Data section
○ ○ ○ ○ ○ ○ ○
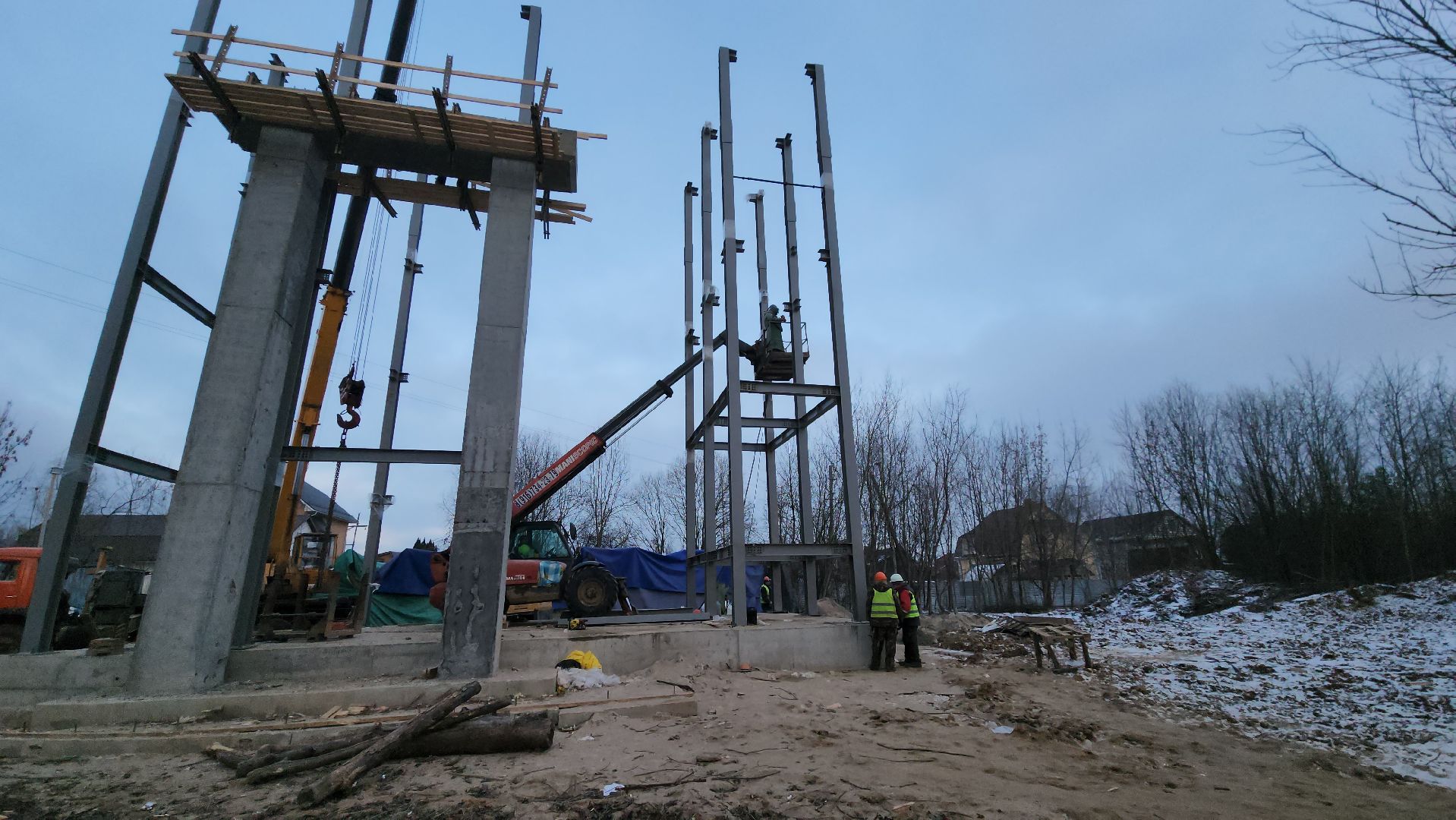 наземный переход, Лобня, Строительство, вертикалки,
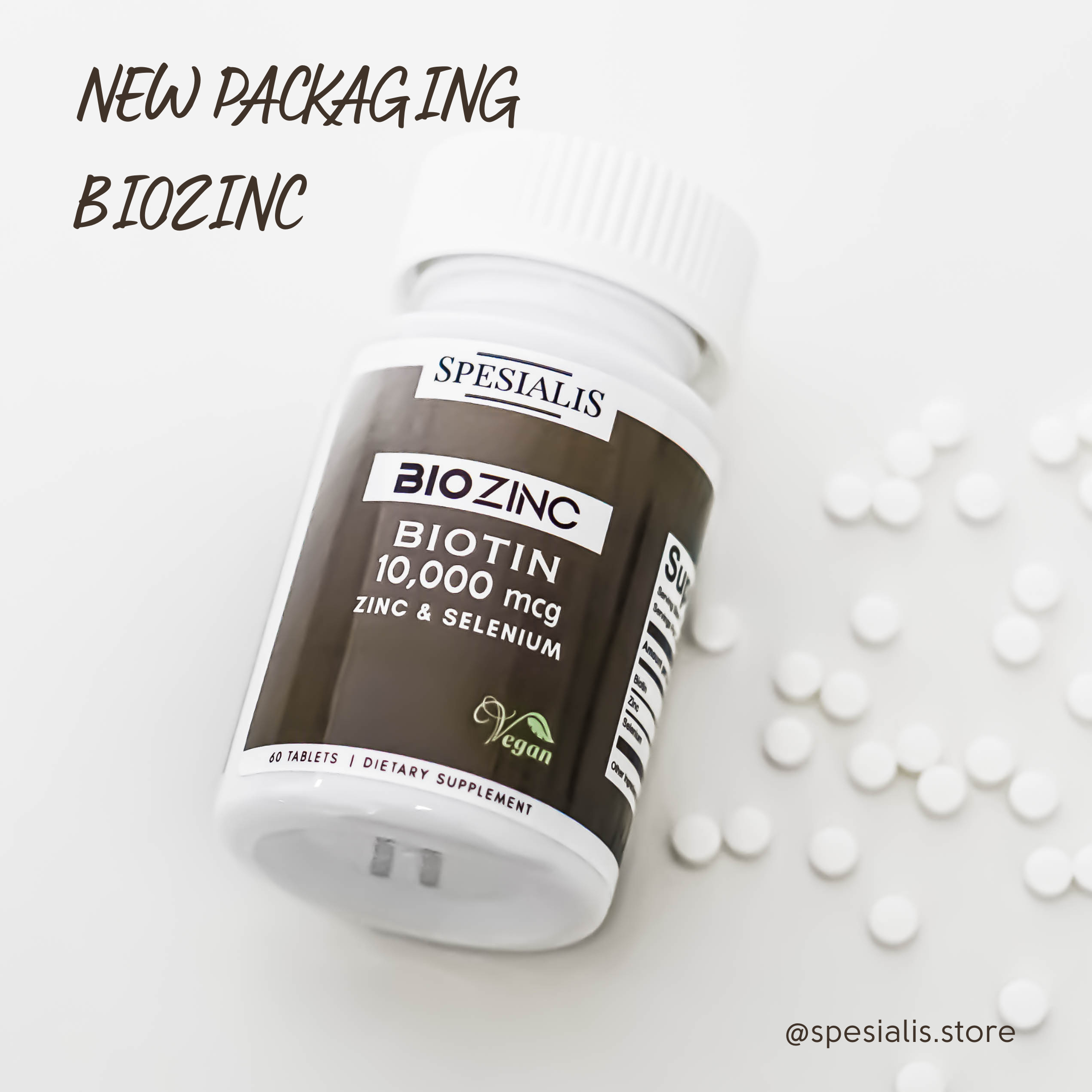 BIOZINC (BIOTIN 10.000mg + zinc dan selenium) 60 tabs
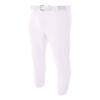 A4 Sportswear Youth Medium White Elastic Bottom Baseball Pants view 1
○ ○ ○ ○ ○ ○ ○
Task brief
No picture should be included when the data are set down again exactly.

Task response
 наземный переход, Лобня, Строительство, вертикалки,
 BIOZINC (BIOTIN 10.000mg + zinc dan selenium) 60 tabs
 A4 Sportswear Youth Medium White Elastic Bottom Baseball Pants view 1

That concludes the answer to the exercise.